The former deputy Erie County parks commissioner, his son and a county laborer Friday were each fined $500 and ordered to perform 100 hours of community service for trying to subvert the judicial candidacy of Senior Erie County Judge Michael L. D'Amico last year.

State Supreme Court Justice M. William Boller granted the three conditional discharges on their misde-meanor pleas to forging nominating petitions during the 2006 campaign in an effort to undermine the lifelong Democrat's campaign.

Boller ordered Nicholas Page, Thomas Page and Dennis Vitale to lead law-abiding lives for the next 12 months or face possible legal sanctions. Nicholas Page, 66, active in GOP politics locally and at the state level since the late 1960s, told the judge he just wanted to apologize.

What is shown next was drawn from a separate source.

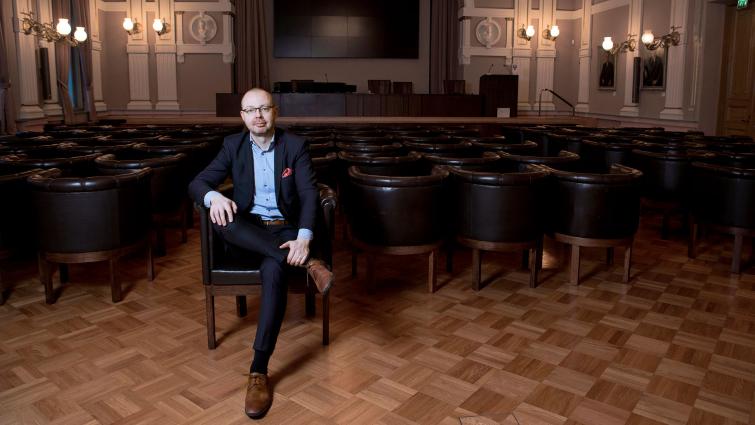 Jyväskylän kaupunginjohtaja Timo Koivisto istuu tyhjässä, näyttävässä salissa
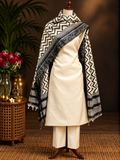 off-white-dress-material-paired-with-geometric-black-dupatta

Page lost his job as deputy Erie County parks commissioner over the election case.

Boller spared the three further criminal penalties but stressed that he took "very seriously" their efforts to undermine the integrity of the election process.

The judge ordered each to perform 100 hours of whatever community service work the Erie County Probation Department orders over the next year.

Bradley Stamm, attorney for both Pages, told the judge the elder Page has expressed "a great amount of remorse."

Thomas Page, 25, and Vitale, 49, also apologized.

After the midmorning sentencings, all three defendants declined to comment.

Nicholas Page, of Lowell Road, Town of Tonawanda; Thomas Page, 25, of Breezewood Commons, Amherst; and Vitale, 49, of Washington Avenue, Kenmore, all faced possible one-year jail terms and probation in the case.

The petition forgeries by the Pages and Vitale caused D'Amico, a lifelong Democrat, to abandon efforts to get on the Republican line in the 2006 party primaries.

D'Amico defeated Aurora Town Justice Douglas W. Marky, the GOP candidate, in the general election last year.